| HN Mirror

Y	Hacker News new \| ask \| show \| jobs


	by hervature 1596 days ago
	But you can literally see the spread of the data points. I think you are complaining about nothing and maybe not understanding the article. They are showing plots with low R^2 and claiming these variables in a vacuum do not predict homelessness (which is in agreement with what you are saying). Then they present two plots, having much higher (but still low) R^2 and make the innocuous claim that median rent is the single greatest predictor that they found. Of course, this analysis is very simple and any model trying to explain homelessness should contain many variables including things like the climate of the city. But to complain that the confidence interval of the slope is uninterpretable is silly. Any data scientist worth their salt understands this is simply a visual representation of the confidence interval outputted by the regression.

1 comments

jrd79 1596 days ago

You are avoiding the question of whether it is appropriate to present the results of a linear regression on data that is so poorly explained by a linear relationship.

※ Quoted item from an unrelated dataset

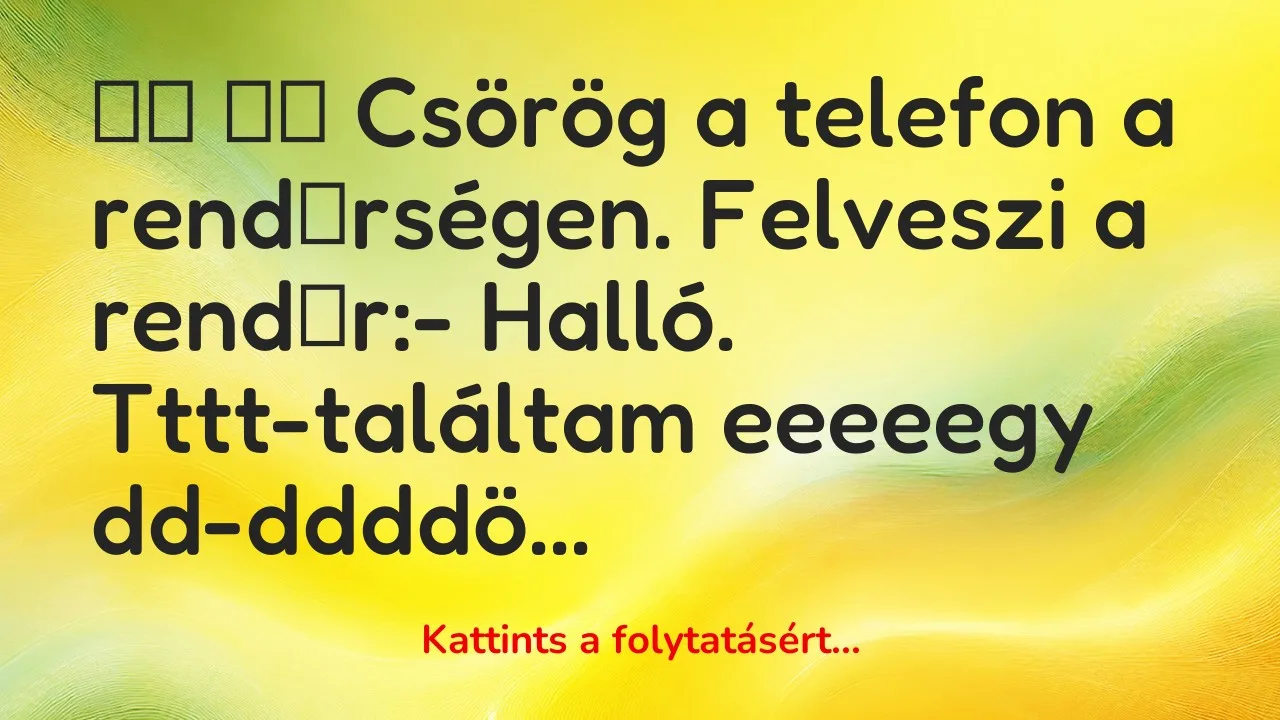 Vicc: 
		  
		  Csörög a telefon a rendőrségen….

Random looking balls of data points don't have slopes. It is invalid to perform a linear fit on data that does not derive in large part from a linear generative process. And presenting a fit from a model that is facially absurd to apply is bad data science. Whether or not an informed reader would discount the absurd model fit is not material to whether it is appropriate to present such a fit.

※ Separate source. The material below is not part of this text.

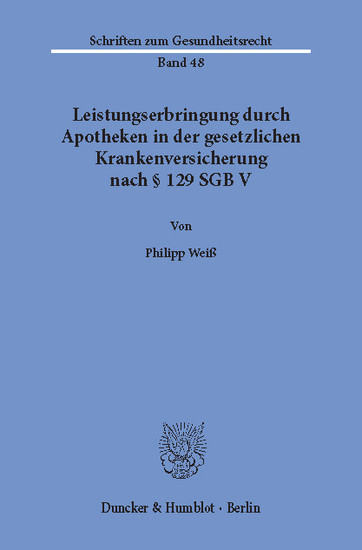 Leistungserbringung durch Apotheken in der gesetzlichen Krankenversicherung nach 129 SGB V. main product photo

They could have binned the data and plotted percentile bands. They could have used a non-parametric density estimator. There are lots of things they could have done to summarize the data and make some sense of the ball of points. But linear regression with slope error bars is not an appropriate choice. That it is easy to compute linear fits, and that it helped them make their point is not justification.

hervature 1596 days ago

> linear regression on data that is so poorly explained by a linear relationship.

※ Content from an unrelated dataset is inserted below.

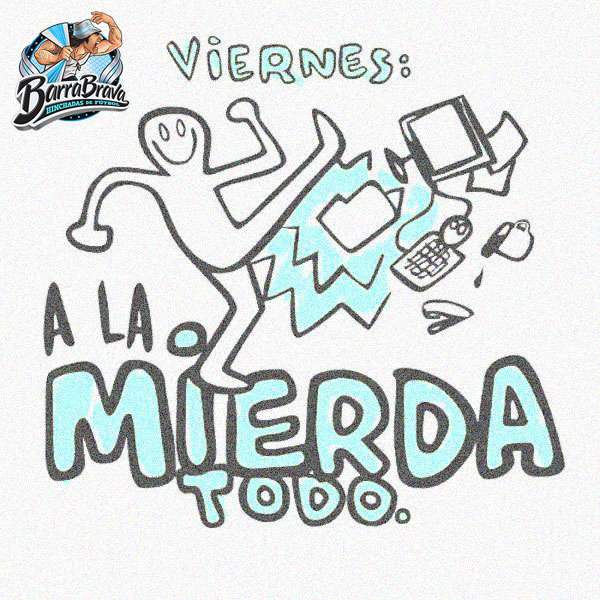 ¡Es viernes, a la mierda todo!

That is exactly what they are saying. This is from TFA:

> The graphics above demonstrate that variation in rates of homelessness cannot be explained by variation in rates of individual factors such as poverty and mental illness.

They are, in my words, saying "Look at this plot, the x-axis has no bearing on the y-axis. To give you a sense of how bad it is, we fit a line to it and it is exactly 0 useful." I don't know why you are focusing so hard on the plots without reading their words. You are in agreement with TFA. Now, for the plot with R^2 of 0.55, that clearly has some positive relationship to it.

As for your last paragraph, I disagree 100%. They are trying to find an explanatory variable, not "summarize the data". By showing all the points, it is evident there is no relationship. As you have continuously pointed this out, the plot achieved its goal. In my opinion, the line is a nice touch for statisticians to know that no illusions from scaling of the axes are playing tricks.